> _RECORDED INFORMATION_
-.-.-

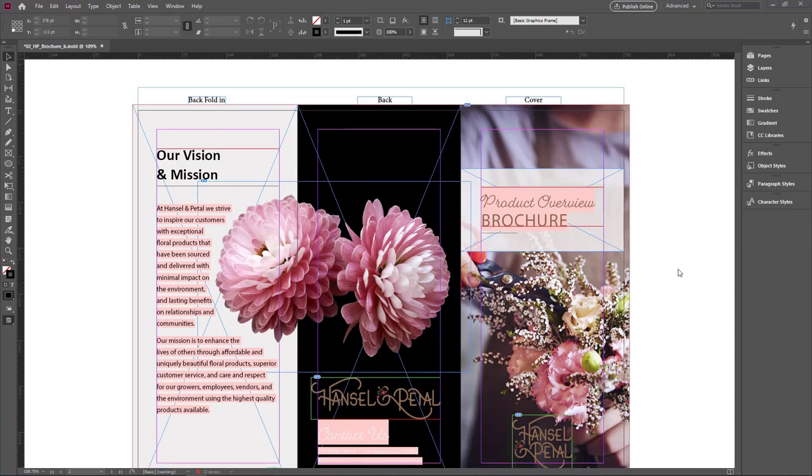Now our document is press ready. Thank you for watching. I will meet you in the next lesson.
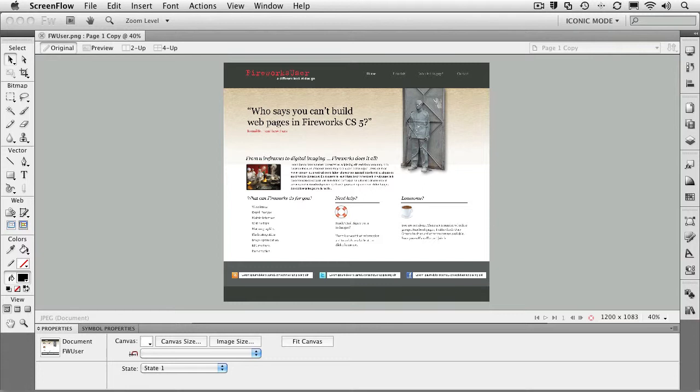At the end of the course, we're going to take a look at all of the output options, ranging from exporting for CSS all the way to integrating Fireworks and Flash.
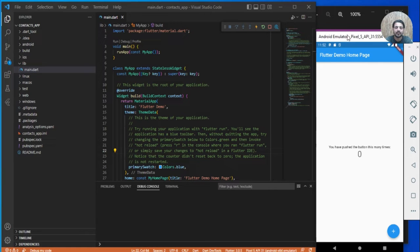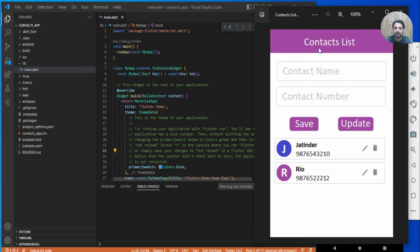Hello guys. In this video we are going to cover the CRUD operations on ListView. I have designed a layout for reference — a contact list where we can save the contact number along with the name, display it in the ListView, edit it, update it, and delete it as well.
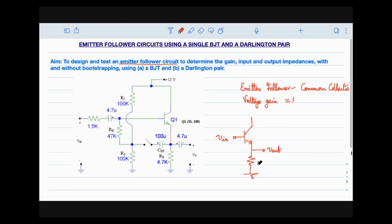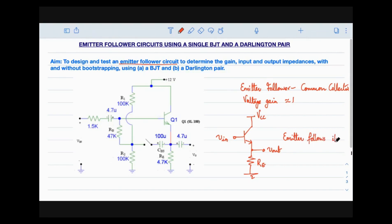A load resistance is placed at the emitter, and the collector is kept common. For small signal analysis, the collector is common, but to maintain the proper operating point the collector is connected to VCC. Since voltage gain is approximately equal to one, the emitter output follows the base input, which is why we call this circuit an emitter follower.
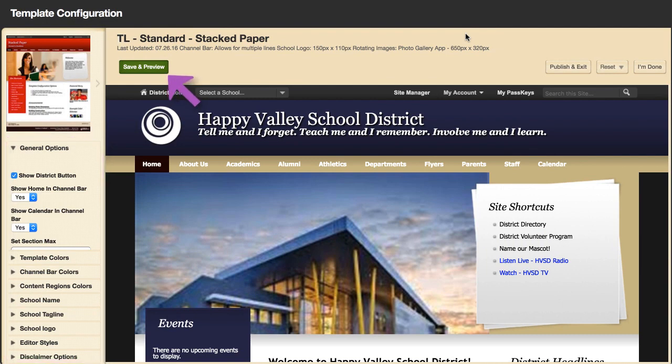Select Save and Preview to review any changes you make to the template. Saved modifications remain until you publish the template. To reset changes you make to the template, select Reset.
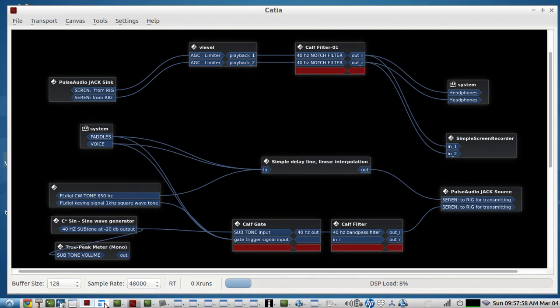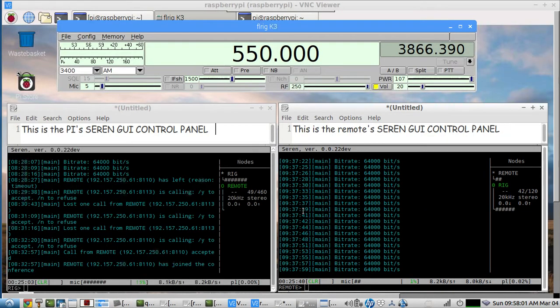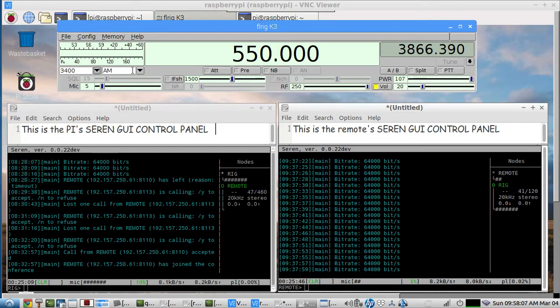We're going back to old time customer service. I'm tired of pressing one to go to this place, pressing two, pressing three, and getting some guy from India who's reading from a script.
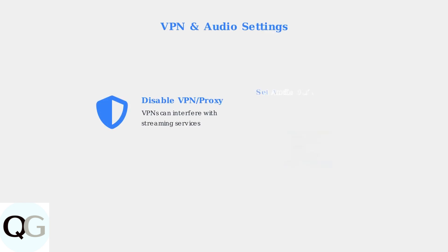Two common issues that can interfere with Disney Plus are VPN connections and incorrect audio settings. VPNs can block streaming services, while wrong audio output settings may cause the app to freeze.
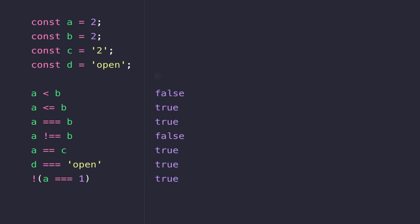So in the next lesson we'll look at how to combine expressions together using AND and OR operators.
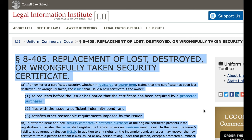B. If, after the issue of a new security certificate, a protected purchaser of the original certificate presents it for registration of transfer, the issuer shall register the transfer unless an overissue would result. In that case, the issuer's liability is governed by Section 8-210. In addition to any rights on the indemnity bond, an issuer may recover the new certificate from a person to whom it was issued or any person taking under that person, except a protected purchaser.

-.-.-

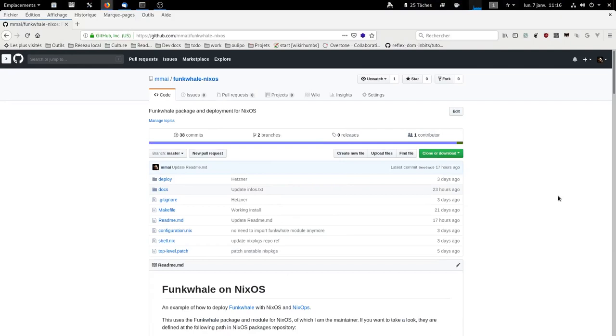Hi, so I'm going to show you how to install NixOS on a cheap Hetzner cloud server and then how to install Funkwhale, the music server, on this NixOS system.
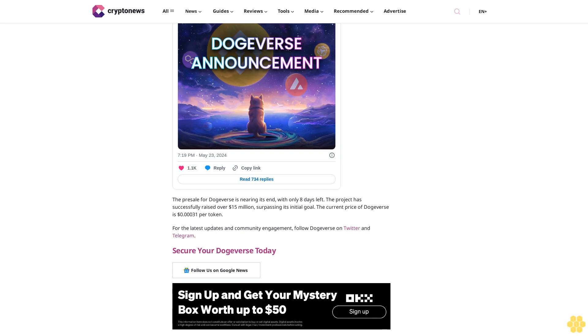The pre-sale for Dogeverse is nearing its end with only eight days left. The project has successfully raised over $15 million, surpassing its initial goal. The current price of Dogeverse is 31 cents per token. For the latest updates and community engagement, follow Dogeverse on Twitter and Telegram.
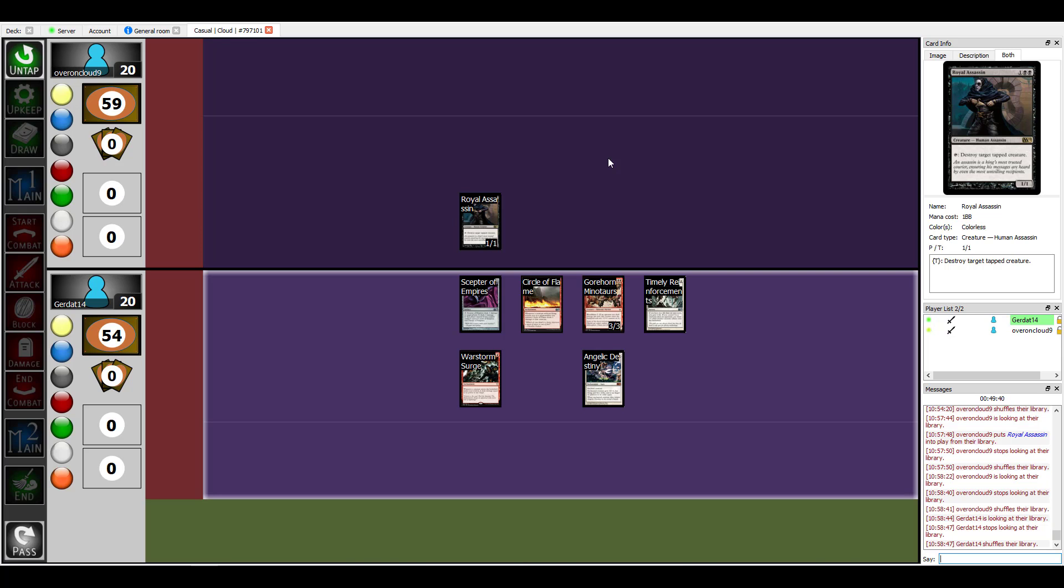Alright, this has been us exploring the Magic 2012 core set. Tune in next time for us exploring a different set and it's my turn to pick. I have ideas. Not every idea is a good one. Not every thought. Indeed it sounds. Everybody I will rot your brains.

-.-.-

> _INSTRUCTIONS FOR THE TASK_
In the entries above, which lines run from the one with "We're going back" up to and including the one with "Two common issues"? Write them out exactly, without the pictures.

> _RESULT BELOW_
We're going back to old time customer service. I'm tired of pressing one to go to this place, pressing two, pressing three, and getting some guy from India who's reading from a script.
Two common issues that can interfere with Disney Plus are VPN connections and incorrect audio settings. VPNs can block streaming services, while wrong audio output settings may cause the app to freeze.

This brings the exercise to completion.